I spent a couple of months with a motley crew of internal and external folks, pulling together an interesting, full-stack working prototype. Designing interactions, poking technology to see what it feels like, working out how to communicate the new ideas that a piece of software makes possible.
I think all I can say about what we were up to is “stuff to do with vector embeddings”.
The stakeholder feedback at the end of the project was really enthusiastic, and there’s talk of further work on this brief. Very much the right project at the right time.
Creative Computing Institute - end of term
June marked the end of term at CCI, where I wrapped up my fifth year of teaching Sound and Image Processing to first year undergraduates - and which means shortly after I’ve breathed out from the end of class, I have to mark 31 portfolios. It’s a lot to get through, but I’m always surprised and delighted by the places some students will take me, and it’s those moments that keep me going as I work through reading and executing a lot of Processing.
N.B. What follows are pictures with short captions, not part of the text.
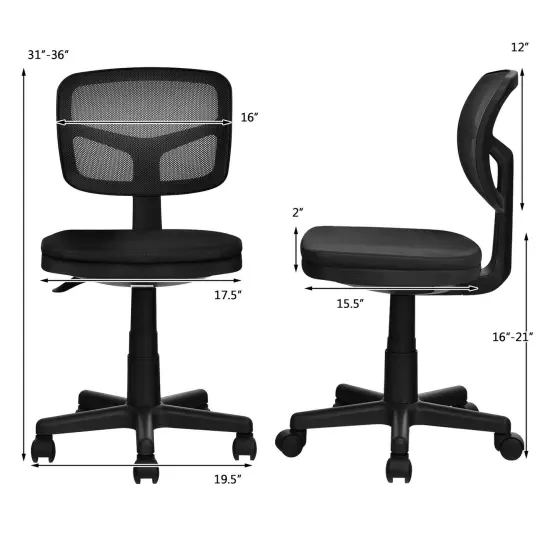 Armless Computer Chair with Height Adjustment and Curved Backrest Ideal for Home or Office Use Black {4}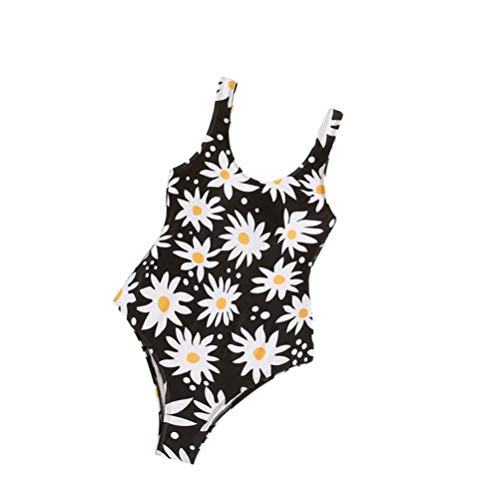 Maiô feminino floral de uma peça com controle de barriga e decote em U, costas nuas e cintura alta W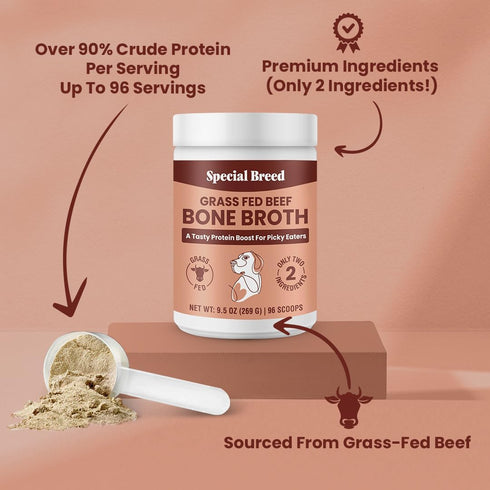 Bone Broth Powder for Dogs and Cats - Dog and Cat Food Topper, Grass Fed Beef Broth Supplement, 9.5 oz...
When I tell people I’ve been marking, they often ask about the impact of ChatGPT on my results. All I can say is: yes, we are educating in the age of ChatGPT now. (Other LLMs are available; I’m using ChatGPT as shorthand for LLM chatbots you ask for answers).
We don’t have a problem with students using LLMs; they’re a tool like any other, and for students less confident in a second (or third+) language, or students newer to programming, they can be a confidence-booster. We ask students to cite them just like any other source. (I usually teach citation by suggesting you quote as little as possible, and then, if you are uncomfortable revealing the size of your quotation, perhaps that’s an indication for you to quote less.)
Despite this, I believe I had many students who used ChatGPT and didn’t cite it. You can’t prove it, but there’s a… vibe? Smell? It never feels like plagiarism or copying; it’s more like a number of students all sharing the same tutor, whose personal style and predilections keeps appearing in their work. The programming equivalent of delvish, perhaps. (I had lots of
(int)
style casting this year, for instance, which seemed like a tic given I’d never really introduced it, and Processing’s built-inint()
function is probably more intuitive).But there are also thoughtful uses of these tools. I’ve had students submit entire transcripts of their conversations with ChatGPT, for instance, which has been good: they showed they had the knowledge necessary to ask meaningful questions and build on them, and showed how they refined their own knowledge in the dialogue. I’ve also had students describe processes - one talked about submitting his code to ChatGPT and then asking how would you improve this? which is an interesting approach to virtual pairing/refactoring, and shows a good degree of insight - not to mention curiosity.
With marking done, I rounded out the year by going to the student festival, the end-of-year show of work. This was the second year where students I’d taught in their first undergraduate year were graduating. It was hugely enjoyable and rewarding to see how they have developed, and how they are expressing their ideas and interests in creative computation a few years down the line.
Lunar - hardware/software refinements
I’ve just kicked off a very short engagement with Lunar - some further refinements to the LED interaction tools work that we did. Some new hardware, and a revision to both firmware and browser tooling has made for a busy week back leaping between C++ and Typescript.
What’s next?
The next few months are coming into focus now. August looks a little less frantic, with some smaller projects slotting into the schedule alongside a deliberate amount of Slack, and there are rumblings of larger work in September that could keep me busy for several months.
Meanwhile there’s admin to be done, and some plates to keep spinning, as well as making sure I return to some Process Notes here. And so: onwards!